Content-sensitiveness: The focus of the content-sensitiveness issue is mainly about the context relative to what was spoken in the meeting. If the transcript of the meeting leaks outside, there are high risks for the company. We adopt an approach that extracts and stores only nonverbal data from the video stream during the meeting.
Contactless: Use of contactless devices is also important for reducing time consumption of device setup. Systems must also be reproductive in order to be utilized at any location. According to these aims, we chose to collect nonverbal information for our main data. Instead of using bodily attached devices, we chose a camera as a sensor.
Reproducible: The use of one device makes the system simple, which increases reproducibility. We came up with an idea of utilizing a 360 degree camera placed at the center of the discussion table that covers all participants.
Figure 1 shows an example application that uses our micro-behavior detection method. Visualizing the timing of speaking and nodding of each meeting participant enables them to reflect upon how they were actively involved in the discussion. For instance, in the first half of the meeting, the fourth participant from the top was actively speaking and the second participant was agreeing by nodding. In the second half of the meeting, the fourth participant was agreeing with the first participant’s opinion. Therefore, our proposed work will be used for creating a system for automatic micro-behavior annotation. It will be important for both offline and online meeting analysis.
In this paper, we discuss how a camera plays an important role as a smart sensor to recognize key micro behaviors in a meeting. We propose a method that recognizes speaking and nodding from a video stream of face images and a Random Forest classifier. In order to evaluate the performance of the proposed method, we conducted data recording experiments at two physical conditions. The first recording consists of 16 sets of five minute meetings by 21 unique participants. The second recording includes seven sets of 10 min meeting data with the help of 12 unique participants. Due to the COVID-19 pandemic, most of the meetings are held online. By creating an additional dataset, we investigated whether similar features can be calculated from the web cameras connected to the PCs of each participant.

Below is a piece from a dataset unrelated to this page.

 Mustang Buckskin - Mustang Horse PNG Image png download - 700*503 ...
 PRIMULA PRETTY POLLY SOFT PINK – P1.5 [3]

In summary, we present experimental results answering the following research hypotheses:
  • RH1: A 360 degree camera can recognize multiple participants’ micro-behavior in a small size meeting;
  • RH2: Meetings can be recorded at any place, and the dataset can be mixed even if the collected place is different;
  • RH3: Our camera as a sensor method can be utilized to evaluate not only offline meetings but also online meetings.

2. Related Work

Figure 2 shows the overview of publications investigating the importance and detection algorithms of key features in a meeting. The categories of important features can be separated into Participants Appearance, Verbal Communication, and Nonverbal Communication. Our target detection is not proposed in previous research studies. By showing the importance and progress of related works, we will highlight our contributions.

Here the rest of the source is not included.